Peter Arthur Edward Hastings Forbes, 10th Earl of Granard (born 15 March 1957), is a British peer.

Early life
Peter Arthur Edward Hastings Forbes was born on 15 March 1957. He was the only son of the Hon. John Forbes (1920-1982), a F/Lt. of the Royal Air Force and the former Joan Smith. He has three older sisters, Susan Forbes, Patricia Moira Forbes and Caroline Mary Forbes.

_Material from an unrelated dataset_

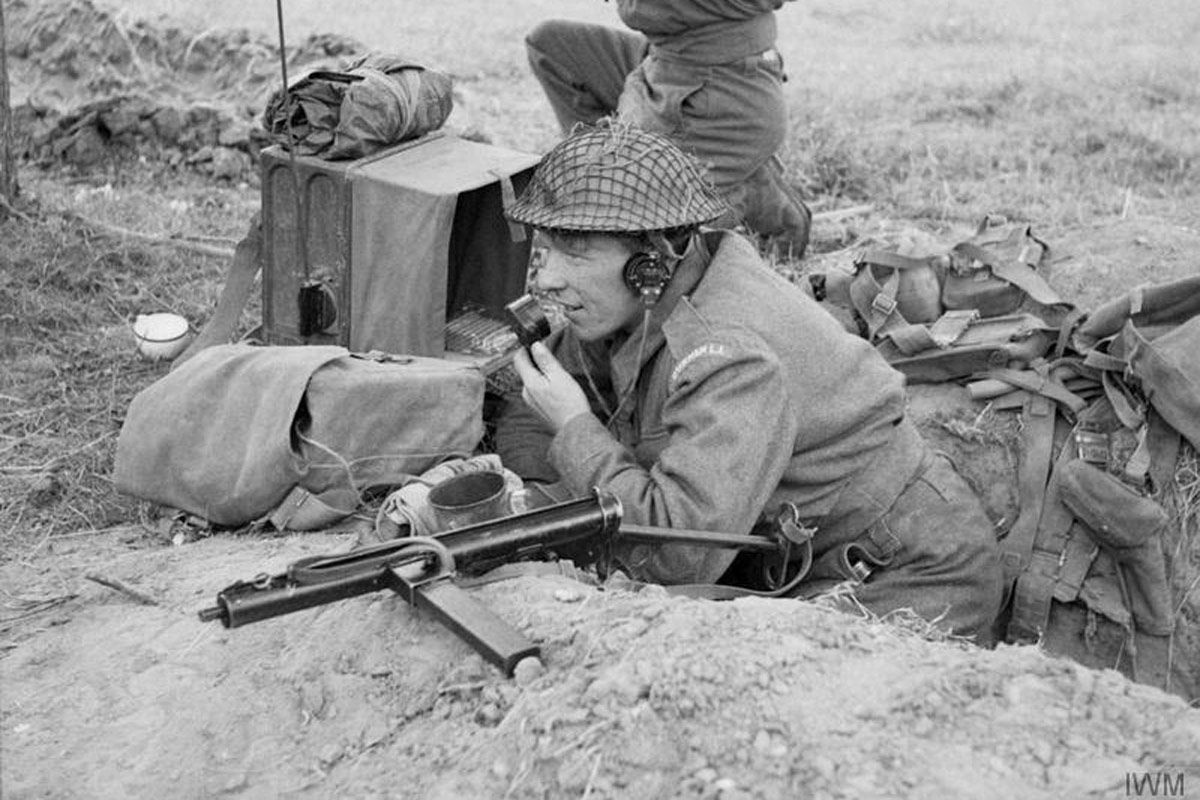 Men of the Durham Light Infantry operate a radio and keep watch for the enemy, near Bayeux, Normandy, 11 June 1944. © IWM (B 5378)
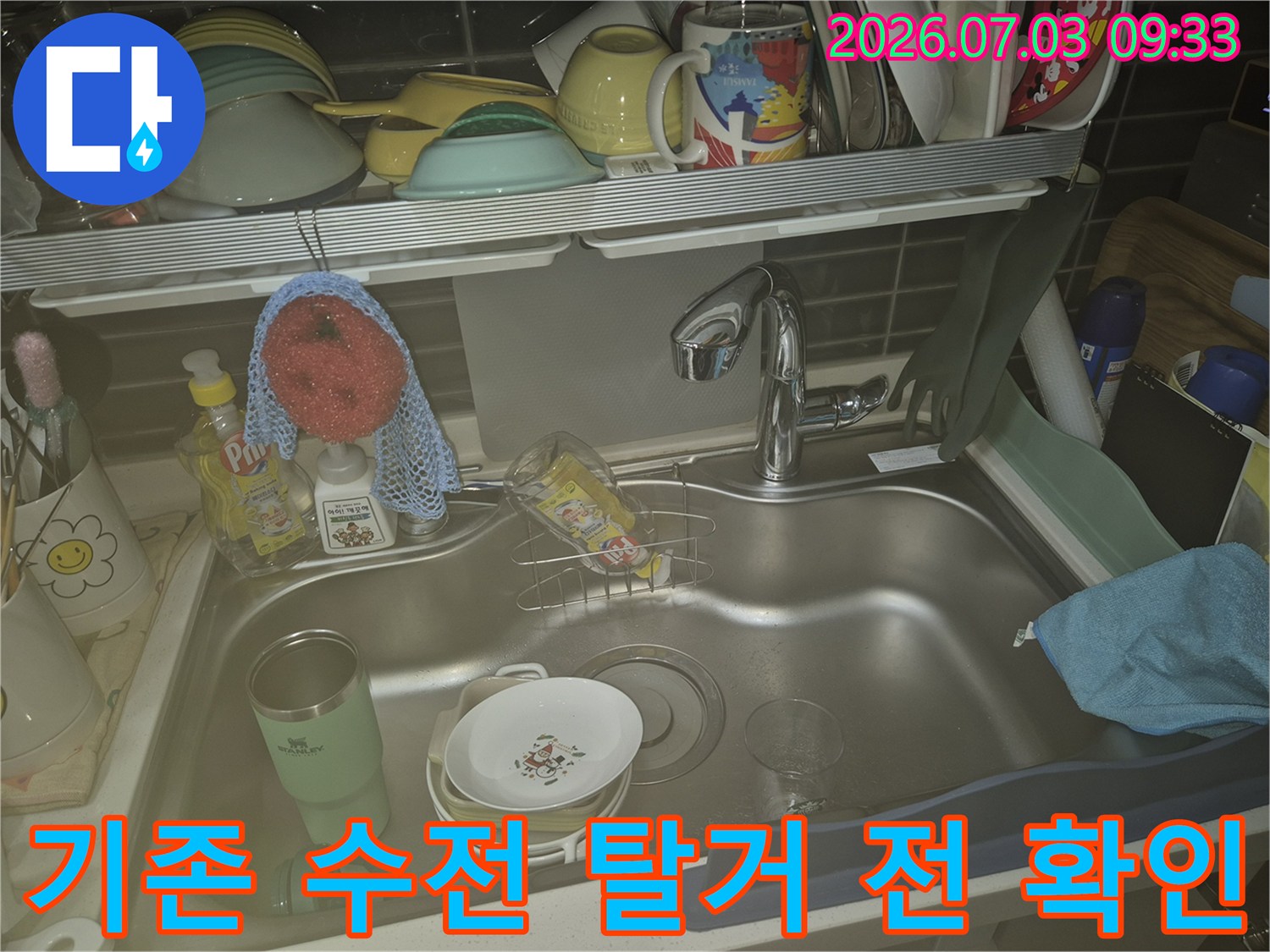 싱크대에 설치된 노후 수전과 주변 세정제들이 배치된 모습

His paternal grandparents were Bernard Forbes, 8th Earl of Granard and Beatrice (née Mills) Forbes, Countess of Granard, an American socialite who was the daughter of Ogden Mills and a descendant of the Livingston and the Schuyler families of New York. On his father's side, he had two aunts, Eileen, Lady Bute of Scotland, and Moira, Countess Rossi of Switzerland. His mother was the third daughter of A. Edward Smith of Sherlockstown House in County Kildare.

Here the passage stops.